Portions of the isolated vaginal mucosa with a surface area of 5 cm² were used to envelop an open-sided tube; the mucosa was attached to the tube on one side with cyanoacrylate adhesive and strengthened on the other with a paddle-style USP dissolving equipment, which was agitated at 100 rpm. The donor compartment received 3 mL of estradiol suspensions, gels, or SLPs gel containing 10 mg of estradiol. The amount of estradiol permeated (mg/cm²) from samples of 3 mL at various intervals was spectrophotometrically analyzed. As the receptor medium, 100 mL of SVF (pH 4.6) was employed. The medium’s temperature was carefully maintained at 37 ± 1 °C, and 1% of tween 80 was added to establish sink conditions. At time intervals, as mentioned above, samples of 1 mL were withdrawn and replaced with the same volume of a new medium. The samples that were withheld underwent spectrophotometric evaluation at 282 nm. Estimates were made for the permeability parameters flow and apparent permeability coefficient (P_app). The slope of the amount penetrated per cm² vs. the time curve’s best-fitting line was called flux, and P_app was calculated using the equation shown below [32]:

$${\mathrm{P}}_{\mathrm{app}}=\frac{F}{C}$$

(3)

where F is the flux, and c is the initial concentration (mg/mL).

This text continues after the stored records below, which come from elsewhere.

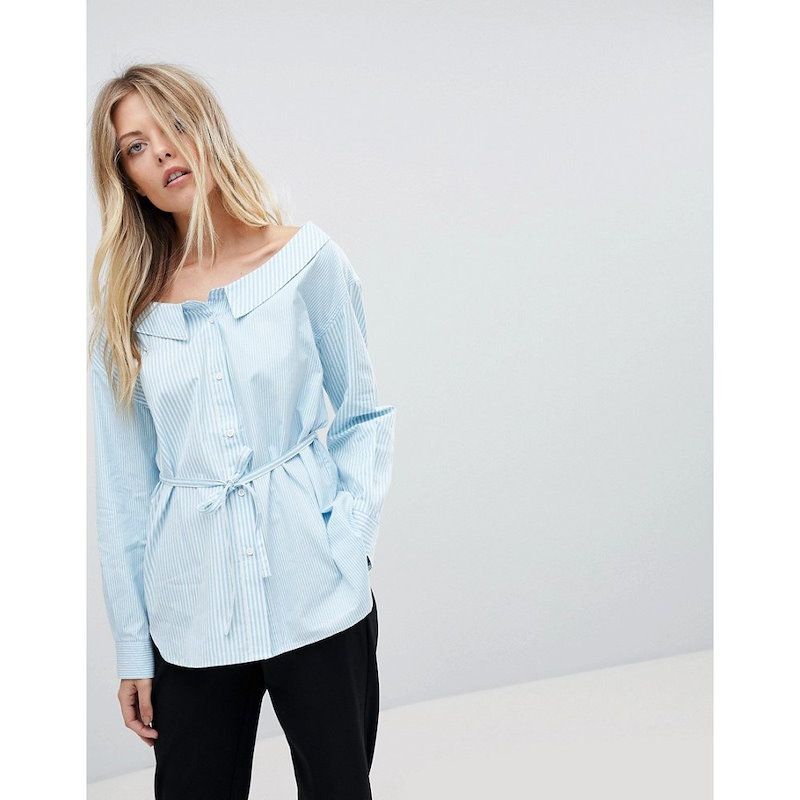 フレンチコネクション レディース トップス ブラウス・シャツ【French Connection Off-Shoulder Stripe Shirt】Blue フレンチコネクション レディース トップス ブラウス・シャツ【French Connection Off-Shoulder Stripe Shirt】Blue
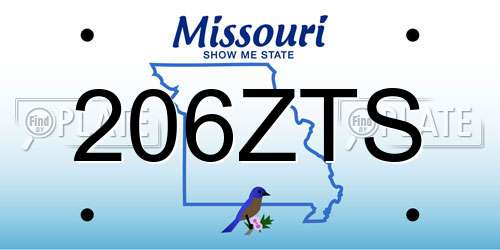 206ZTS Missouri License Plate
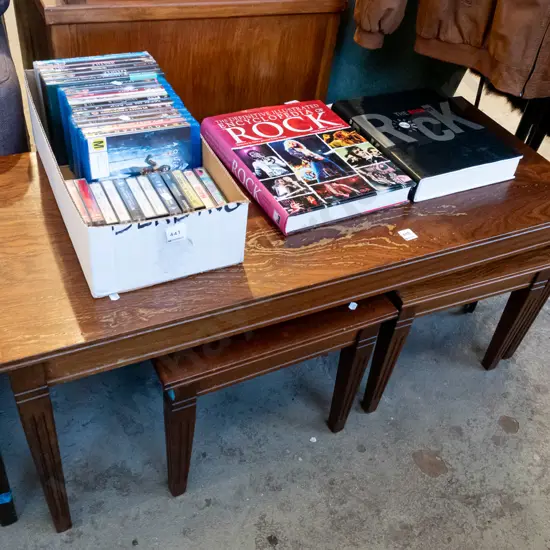 oak nest of 3 tables - varnish needs attention H460 W1065 D460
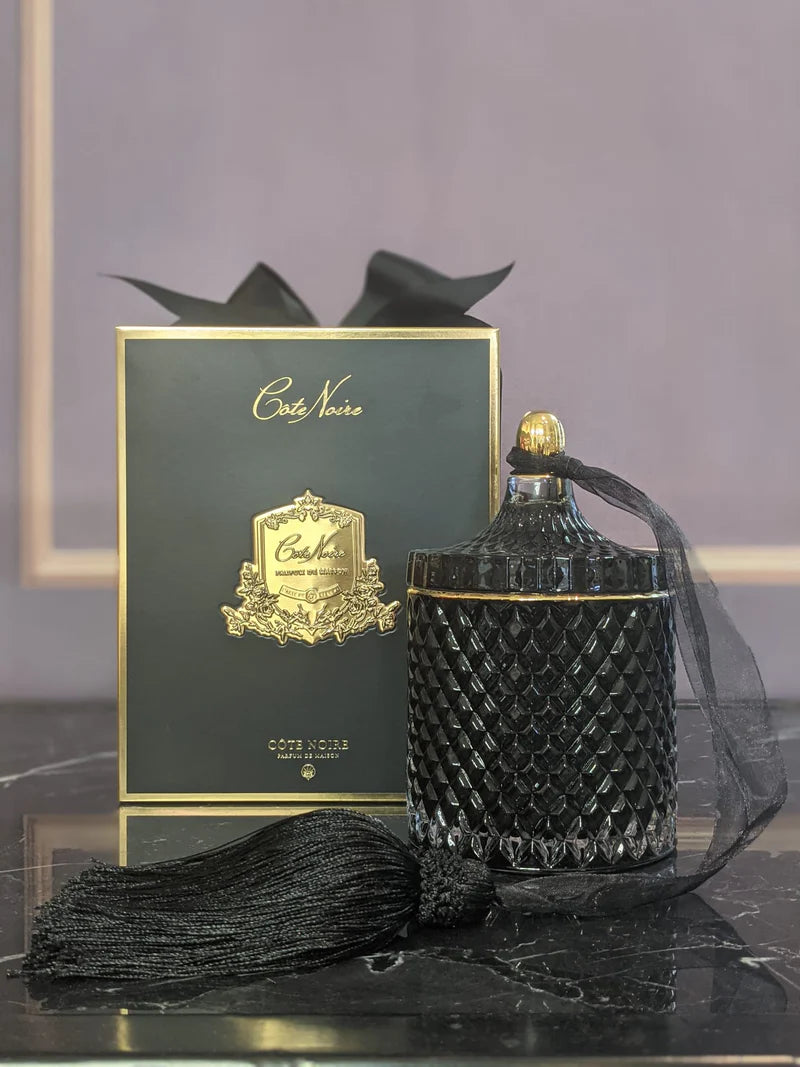 Large black gold art deco candle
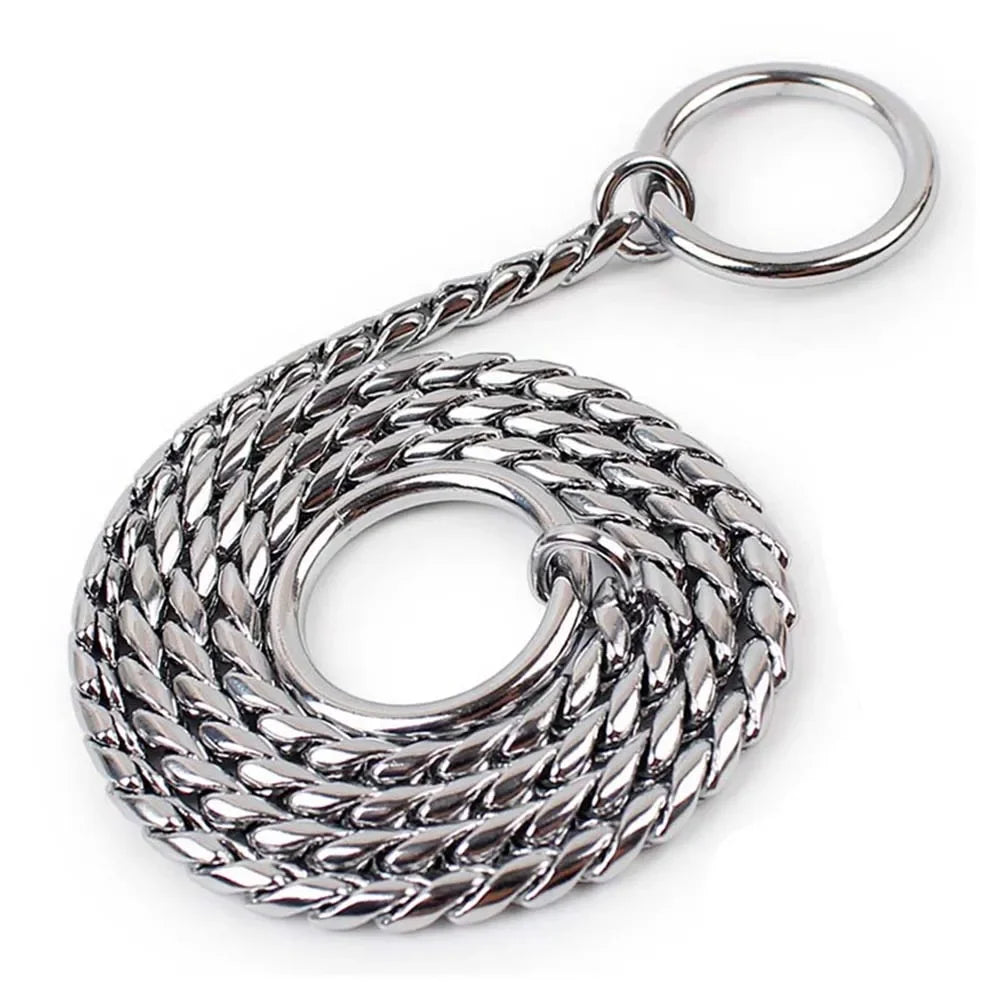 Copper Snake P Chain Dog Collar Small Puppy Large Dog Collar Necklace Choker Pet Training Supplies Slip Collar Gold Sliver Black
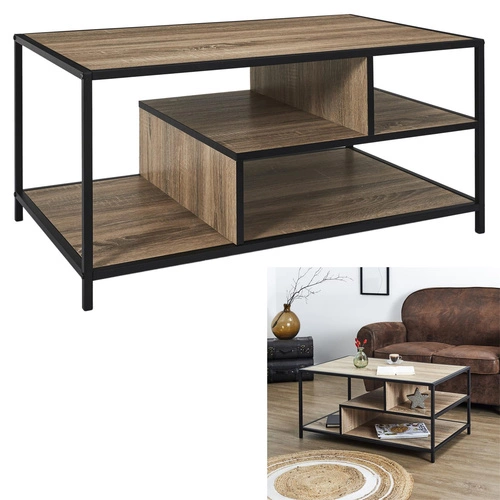 Stolik kawowy Edison prostokątny 90x55 cm industrialny loftowy do salonu z drewnianym blatem Intesi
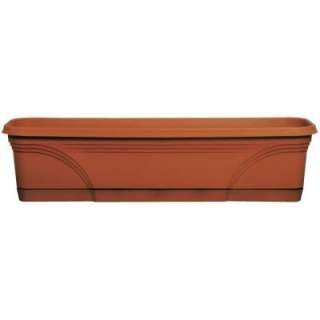   36 In. Terra Cotta Medallion Window Box MB3612TC at The Home Depot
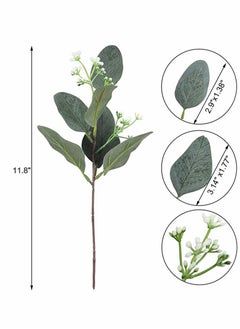 Y&D 20pcs Eucalyptus Leaves Stems Artificial Silver Dollar Plant for Wedding Bridal Bouquets, Floral Arrangements, Home Decor  - Image 2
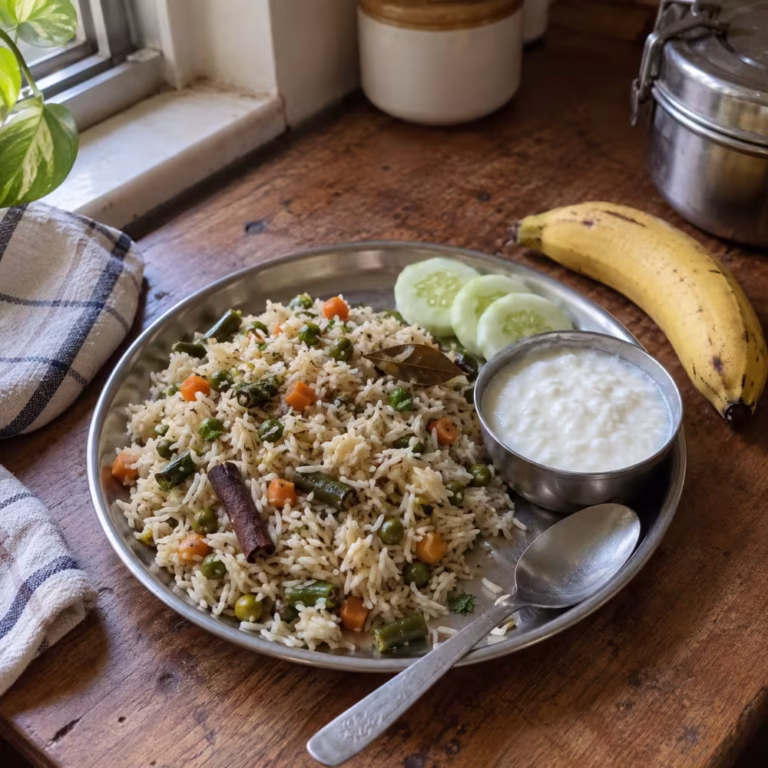 Vegetable Pulao for Kids Tiffin - Plattershare - Recipes, food stories and food lovers Vegetable Pulao for Kids Tiffin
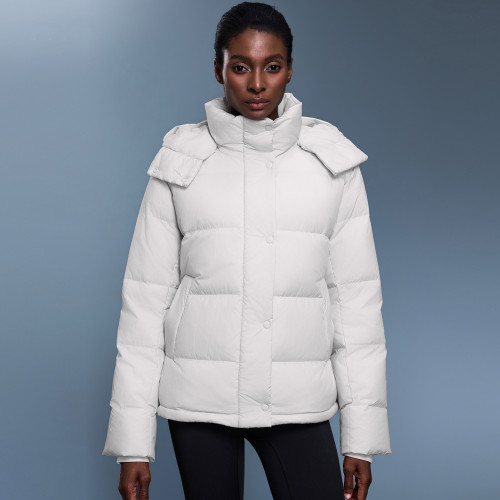 New National Standard 90% White Duck Down Down Jacket Women Winter Waist-Defining Drawstring Thickened Warm Casual Hooded Coat D25144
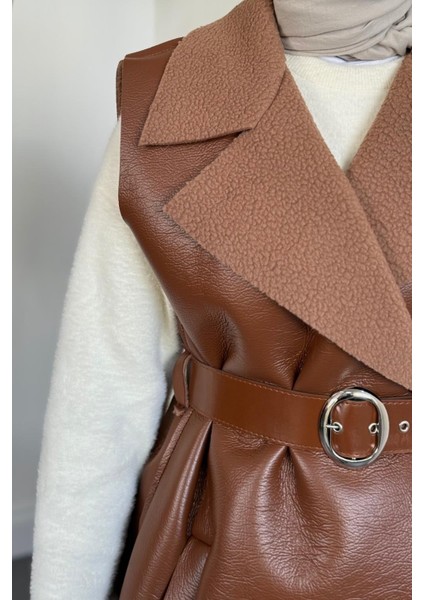 Amarila Deri Görünümlü Yelek Camel indirimleri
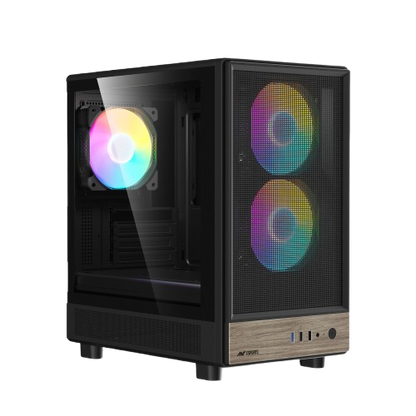 Ant Esports 300 Air Mini Tower Micro-ATX, Mini-ITX Computer Black Cabinet 3x120mm Fans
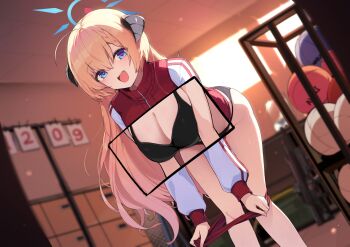 Rule 34 | 1girl, akari (blue archive), black bra, black horns, black panties, blonde hair, blue archive, blue eyes, blue halo, blurry, blurry background, bra, braid, braided bangs, breasts, buruma, buruma pull, clothes pull, commentary request, ddangbi, demon girl, demon horns, forward-facing horns, gym storeroom, halo, heart, heart-shaped pupils, highres, horns, indoors, jacket, large breasts, leaning forward, light particles, long sleeves, looking at viewer, open mouth, panties, pulling own clothes, red buruma, red jacket, revealing layer, smile, solo, standing, symbol-shaped pupils, teeth, thighs, track jacket, underwear, upper teeth only, white sleeves, x-ray vision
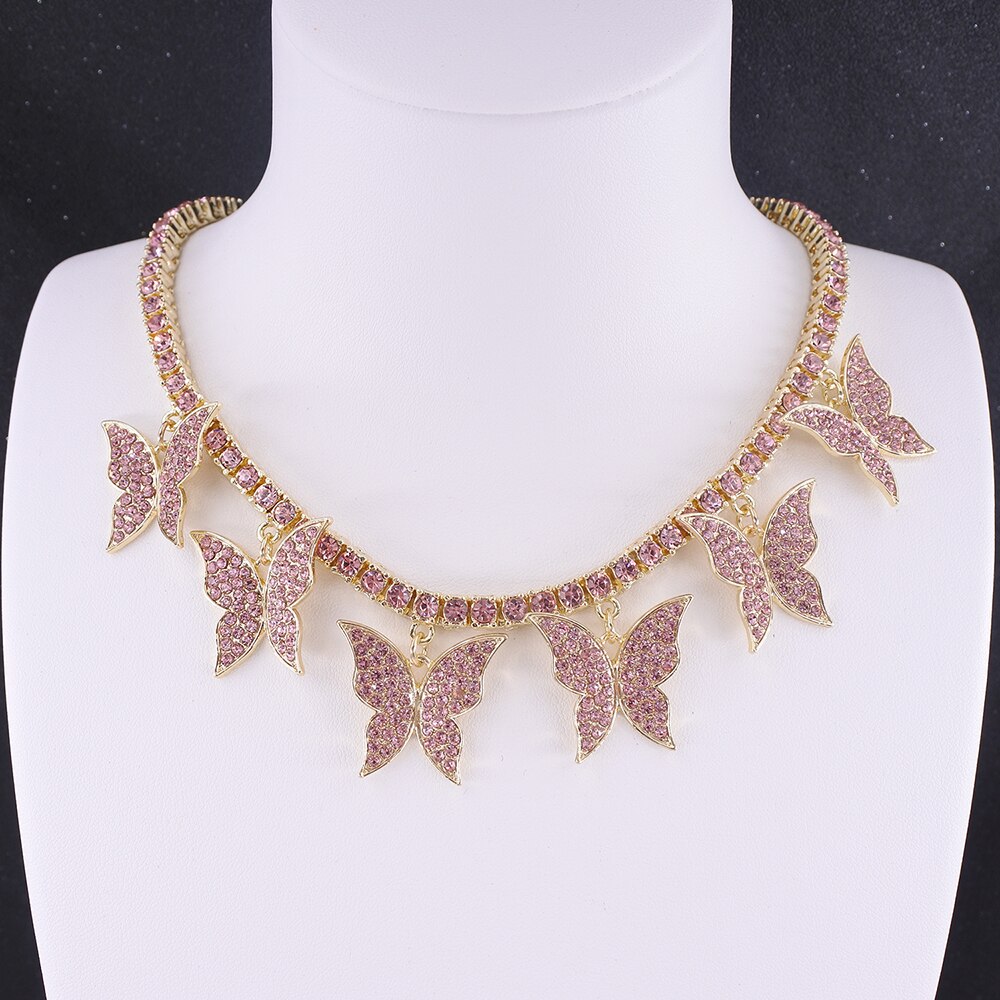 Butterfly big charm chokers necklaces women jewelry 1 row tennis chain 16inch gold silver color bling hip hop rap rock design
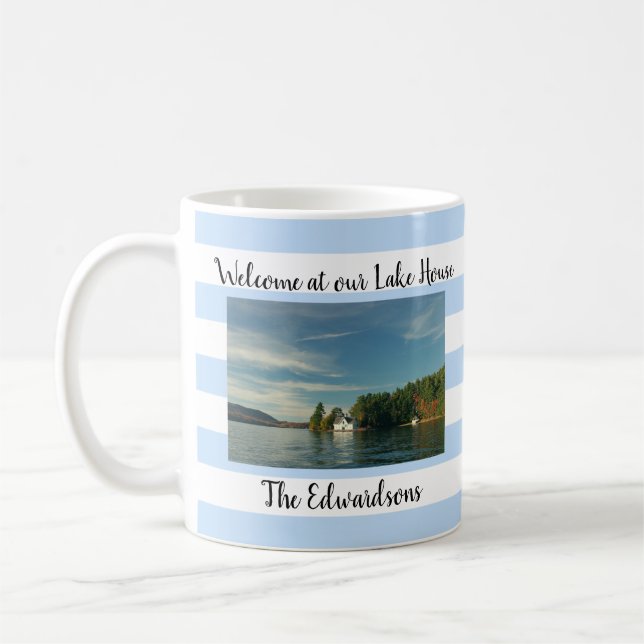 Welcome at your lake house family name photo coffee mug (Left)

3.7. In Vitro MTT Assay for Vaginal Irritation Using Hela Cell Lines

To create a full monolayer of a cellular sheet, 1 × 10⁵ cells/mL was added to a 96-well plate and incubated at 37 °C for 24 h. After the confluent sheet of cells had formed, the growth material was decanted from the 96-well plates, and the cell monolayer was washed twice by washing the media. The test sample was diluted twice in RPMI medium with 2% serum. Each dilution’s aliquot of 0.1 mL was examined in a different well. The 96-well plates were incubated at 37 °C. Additionally, the MTT solution was prepared (5 mg/mL). To each well, 20 uL of the MTT solution was added. For five minutes, the medium was shaken at 150 rpm on a shaking table to completely incorporate the MTT. The MTT was allowed to be digested for 4 h in an incubator (37 °C, 5% CO₂) and then discarded with the media. Formazan, an MTT metabolic product, was redissolved in 200 ul DMSO and was shaken for 5 min at 150 rpm to properly combine the formazan and solvent. At 620 nm, the background was subtracted from the optical density measurement at 560 nm.

3.8. Statistical Analysis

GraphPad Prism 8.4.3 software was utilized to study the statistical analysis of the results. Moreover, Student’s t-test was used to compare two groups, and a two-way ANOVA was used to compare three or more groups.

4. Conclusions

Local symptoms of menopause can be in the form of vaginitis, dryness, urinary discomfort, itchiness, irritability, or dyspareunia. Topical vaginal estrogen therapy could be superior to oral hormonal replacement therapy. Topical vaginal delivery of estradiol has been linked to low to no risk of thrombosis and breast cancer. Additionally, vaginal creams are messy, have poor mucoadhesion, and can be diluted and flushed with vaginal secretions. This study investigated and characterized chitosan-coated SLPs loaded with estradiol. The SLNs recorded nanosizes of 420–850 nm and faster release rates by up to 4.4 folds compared to that from the control suspension. The prepared nanogels demonstrated superior mucoadhesion and permeability through the vaginal mucosa. The optimized hybrid SLN/chitosan gels recorded thermal gelation, superior mucoadhesion, and up to 2.2-fold increases in the permeation of the poorly soluble drug through excised vaginal mucosa tissues compared to the control with acceptable tolerability, as was evident from the in vitro irritation model (the MTT assay). These key findings warrant the prepared hybrid SLP/chitosan gels as potential drug delivery systems for the vaginal delivery of estradiol.